The highest mean score (4.7) was recorded for the statement regarding intention to continue using reflective methods, indicating durable motivational impact. Open-ended responses highlighted that reflective journaling was initially perceived as time-consuming but became routine within three to four weeks. The statement «Peer-feedback cycles improved my teaching practice» received a mean of 4.5, reflecting the importance of collegial interaction in building reflective competence. Overall, 91 % of participants agreed that reflective tasks made lessons more engaging, confirming the practical relevance of the proposed approach. The lowest mean (4.3) was recorded for confidence in self-assessment, suggesting that this dimension requires longer-term cultivation and may be revisited in future programme iterations.
Pedagogical Experiment
The pedagogical experiment was conducted during the second semester of the 2023–2024 academic year at two secondary schools in Karaganda. The experimental group (n = 28) underwent a twelve-week reflective skills training programme including: structured reflective journaling with weekly prompts (What did I plan? What happened? What will I change?); peer observation and feedback cycles using a four-criterion protocol; video-stimulated recall sessions; reflective portfolio compilation; and bi-weekly group reflection seminars. The control group (n = 26) received standard methodological support without structured reflective components.

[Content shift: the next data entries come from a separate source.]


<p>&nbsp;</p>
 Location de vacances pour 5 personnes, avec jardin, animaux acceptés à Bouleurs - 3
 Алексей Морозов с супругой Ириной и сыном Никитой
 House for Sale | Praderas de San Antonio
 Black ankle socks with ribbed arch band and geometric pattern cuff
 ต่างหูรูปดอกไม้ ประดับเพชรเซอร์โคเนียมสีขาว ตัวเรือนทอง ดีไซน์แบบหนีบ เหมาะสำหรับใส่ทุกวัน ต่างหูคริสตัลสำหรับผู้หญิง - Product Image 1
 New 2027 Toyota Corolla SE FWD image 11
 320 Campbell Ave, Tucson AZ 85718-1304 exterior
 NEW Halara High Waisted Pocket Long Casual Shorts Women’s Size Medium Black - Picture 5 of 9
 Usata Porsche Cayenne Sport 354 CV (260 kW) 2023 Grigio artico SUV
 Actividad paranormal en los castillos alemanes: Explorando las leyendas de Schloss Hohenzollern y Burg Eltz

Both groups were pre-tested and post-tested using a validated Reflective Competence Scale (1–4 points, adapted from Bizyaeva [6]). Groups were statistically equivalent at baseline (p > 0.05, Mann–Whitney U-test). Lesson planning quality was assessed by two independent expert observers blind to group membership. Professional self-assessment accuracy was measured by calculating the discrepancy between teacher self-ratings and observer ratings; a lower discrepancy indicates higher accuracy. Results are presented in Table 3.
Table 3.
Pre- and post-test results by group (mean scores, scale 1–4)
|
Indicator |
Experimental group (n = 28) |
Control group (n = 26) |
Difference |
|
Reflective competence — pre-test |
2.3 |
2.4 |
−0.1 |
|
Reflective competence — post-test |
3.8 |
2.7 |
+1.1 * |
|
Self-regulation skills |
3.7 |
2.6 |
+1.1 * |
|
Lesson planning quality |
3.9 |
2.8 |
+1.1 * |
|
Professional self-assessment accuracy |
3.6 |
2.5 |
+1.1 * |
Note: * p < 0.05, Mann–Whitney U-test. All post-test between-group differences are statistically significant.
The experimental group demonstrated a gain of 1.5 points in reflective competence, compared to 0.3 points in the control group. Effect size (Cohen’s d = 0.87) indicates a large practical effect. Qualitative data from lesson observations confirmed that experimental group teachers more frequently adjusted instruction mid-lesson in response to student feedback — a hallmark of reflexive management [2]. The reflective-project sequences produced by experimental group participants showed measurably greater alignment between planned objectives and implemented activities by week eight of the programme. These results are consistent with the theoretical positions of Kulyutkin [8] and Slastenin [9] regarding the centrality of reflection in teacher professional development.
Conclusion
The present study demonstrates that systematic reflective training substantially improves the reflective competence and self-regulation skills of foreign language teachers. The pedagogical experiment confirmed statistically significant gains across all measured indicators (p < 0.05, Cohen’s d = 0.87). Survey data showed high participant satisfaction (mean 4.5 / 5) and strong intention to sustain reflective practice. The integration of group reflection seminars and reflective-project sequences proved particularly effective in accelerating the transition from lower to higher levels of reflective skill formation. Future research should investigate the long-term retention of reflective skills and examine the direct impact of teacher reflective competence on student achievement in EFL classrooms.